In Jesus’ world, following Jesus often meant leaving family behind. The first disciples left their nets (and all their familial commitments) to follow Jesus. In the community of the Gospel of Luke, becoming a Christ believer often meant separation from family and a rupture of family ties. Following Jesus meant risking alienation from the people closest to them. Families did not want their loved ones to follow Jesus. And in this time in Christian history, do you really blame them? There’s a martyrdom text from the early 3rd century, the martyrdom of Perpetua and Felicitas, in which we meet a jailed Perpetua. Several times, Perpetua’s father begs her to renounce her faith because he knew that the cost of following Jesus would be her own death.

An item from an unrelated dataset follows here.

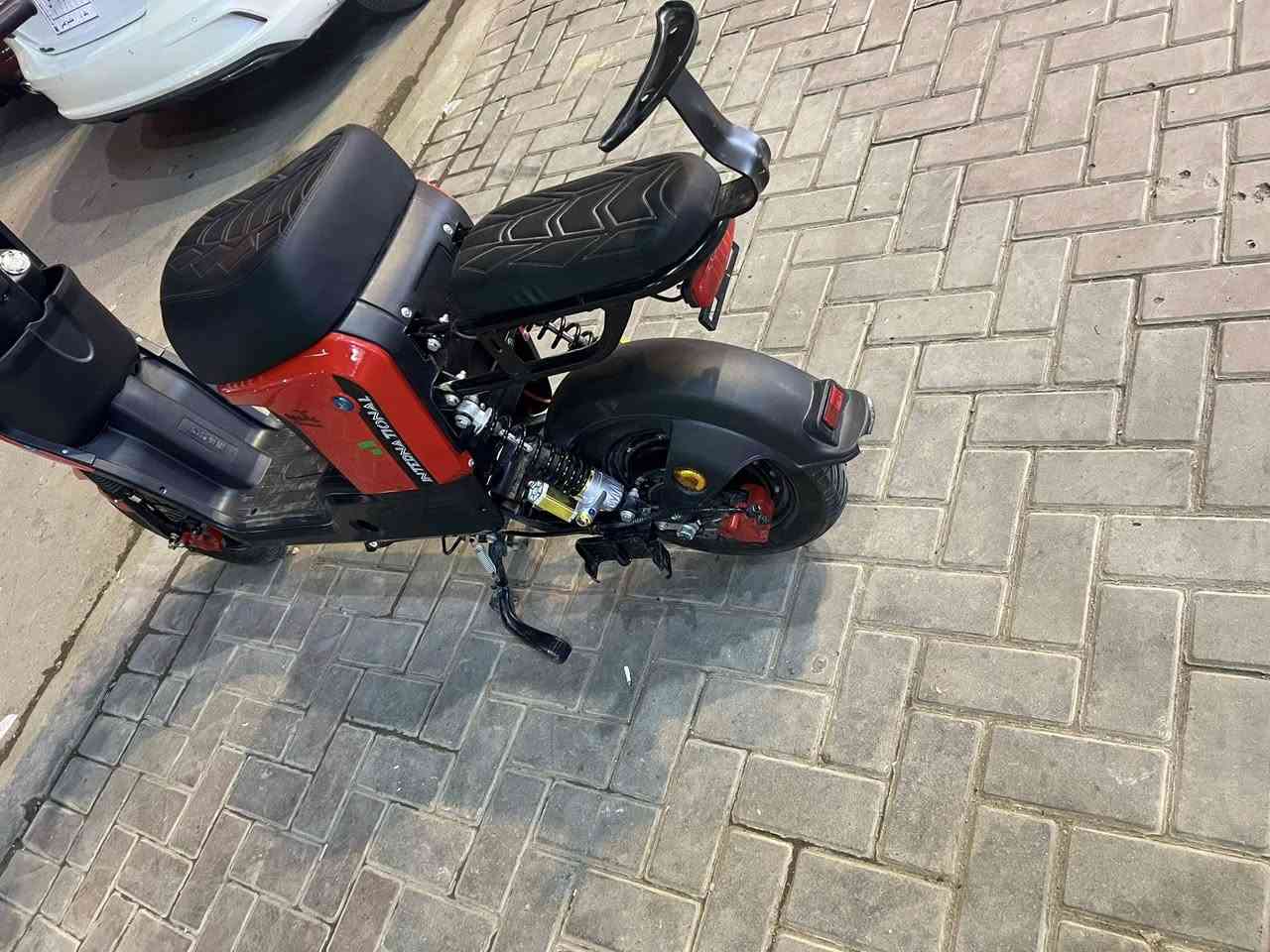 دراجه r 9  للبيع خمس بطاريات كبار كلشي شغال بيها السعر 300   /***********
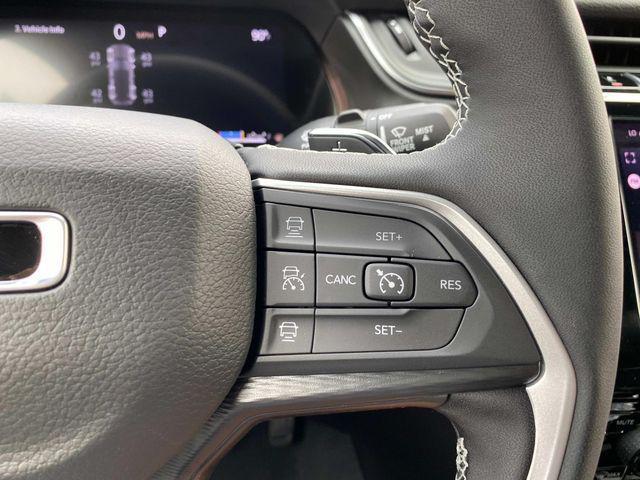 new 2025 Jeep Grand Cherokee car, priced at $45,530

Families knew that following Christ - this messiah who died on a cross - meant possibly meeting a similar fate. Because preaching about the Kingdom of God - this kingdom that brings down the powerful and lifts up the lowly - is a threat to those who hold power and who hold those places of honor. Jesus doesn’t end up on the cross because he was a nice guy; he was crucified because the message of the Kingdom ran against the message of the Empire, ran against the message of those with power. Who wants to be the one brought down? That kind of message needed, in their minds, needed to be extinguished - so that they can preserve their own place in the world. Thus family - mothers and fathers, spouse and children, brothers and sisters - could become roadblocks to following Jesus and roadblocks to living out the kingdom of God. This good news seems anything but good. They miss that, to quote one commentator this week, that “The way of discipleship is the way of life, real life, life that does not deny the reality of death but instead overcomes it through the power of resurrection. And that is good news that the world needs to hear” (Kathryn M. Schifferdecker, “Choose Life, https://www.workingpreacher.org/craft.aspx?post=5376). So while I don’t believe that Jesus calls his followers to literally hate their families, I do think Jesus is pointing to the risks of being a disciple. I do think that Jesus is calling his followers to turn away from anything that might hold them back from living out their call to be kingdom builders, their call to live out the freedom they’ve been given through Jesus.
While families or other relationships can still hold us back from living out our call to be kingdom
But whatever holds us back, the good news today is that Jesus comes to free us from those things as well. Because as long as we’re holding onto power, privilege, prejudices, we aren’t living out the Kingdom. But these things keep us stuck in the ways and the narratives of this world. We’ve already been given salvation. We’ve already been made right with God. These things keep us from being in right relationship with our fellow human and with creation. But because we have the promise that we are made right with God, we are free to turn out to our fellow human and to the stranger. Thus, Today Jesus calls us to give up those things that we hold onto, to be freed from those things we hold onto; this is a call to live into the freedom that God has given us through Christ. And that is the Gospel of our Lord.